RDP 2006-04: Measuring Housing Price Growth – Using Stratification to Improve Median-based Measures 1. Introduction

Developments in housing prices are of great interest to households, policy-makers and those involved in the housing industry. This has been the case both in Australia and in other countries where house price developments are having significant macroeconomic impacts. However, the construction of aggregate measures of housing prices is not a straightforward exercise, and involves addressing a number of conceptual and practical issues. This paper aims to provide a computationally simple method of addressing some of these issues. While the focus of this paper is on measuring house price growth in Australia, the method outlined in this paper would also be feasible and readily adaptable for data from other countries.

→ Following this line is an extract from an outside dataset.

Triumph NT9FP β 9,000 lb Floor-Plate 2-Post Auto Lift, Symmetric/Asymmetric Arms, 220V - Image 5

One major problem in measuring housing price growth results from the infrequency of transactions and the heterogeneous nature of the housing stock. To be meaningful, price data should be based on transactions prices rather than valuations. But only a relatively small fraction of the housing stock is transacted in any period: in Australia the average turnover is around 6 per cent per year, or just 1½ per cent per quarter, and in other countries the turnover rate is often significantly lower. Given that the sample of transactions in any period may not be representative of the entire housing stock, changes in simple median or mean price measures may not provide good estimates of the pure price change, as they will also reflect compositional effects. In addition, problems associated with compositional change can be exacerbated by problems of data timeliness if there is a systematic lag between when particular sales are agreed to and when they are recorded in a database of transactions. Hence, early estimates of changes in housing prices may be quite unreliable, making it difficult to distinguish in real time between true movements in the housing market from spurious movements due to compositional effects.

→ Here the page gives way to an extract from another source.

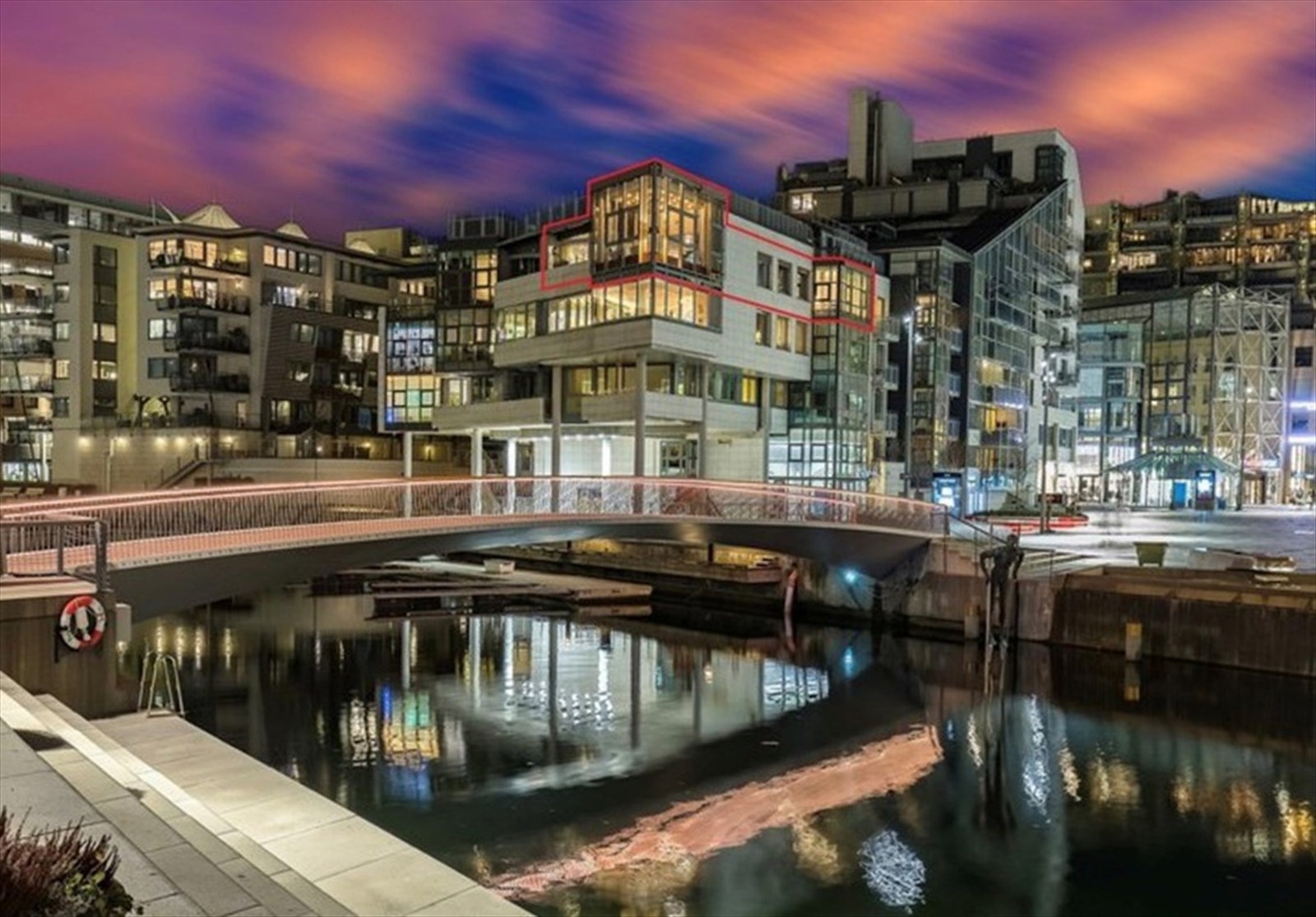 Velkommen til Bryggetorget 17! Galleribilde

If detailed and timely data on transactions are available, it is possible to use regression-based approaches to deal with the problems discussed above. For example, hedonic price regressions and repeat sales regressions can be used to abstract from compositional effects to derive estimates of pure price changes.[1] However, many of the housing price series produced internationally do not use such techniques but rely on simple measures such as median or mean sales prices. For example, the Real Estate Institute of Australia, the US National Association of Realtors, the Canadian Real Estate Organisation and the Real Estate Institute of New Zealand (REINZ) all publish house price data which are simple median or mean measures. The reason is presumably that the more advanced techniques require detailed data, are typically subject to revision as data for future periods become available, are less transparent, and require the use of statistical techniques that are not as widely used by organisations such as industry bodies.

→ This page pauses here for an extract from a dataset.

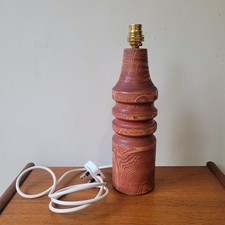 Danish Inspired Red Wooden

We show that compositional change can have major impacts on estimates of price changes that are based on simple median measures. Accordingly, we outline and test a simple method for calculating changes in aggregate housing prices that controls for compositional change and which remains robust even when the initial sample of transactions is fairly small. In particular, we propose a method that stratifies individual house sales into different groups so as to minimise the impact of compositional change, and then uses the median prices from those groups to derive an estimate of the overall change in prices. We therefore demonstrate that median prices can be considerably more useful if taken from a stratified data sample compared with a single (unstratified) median taken from the entire data sample.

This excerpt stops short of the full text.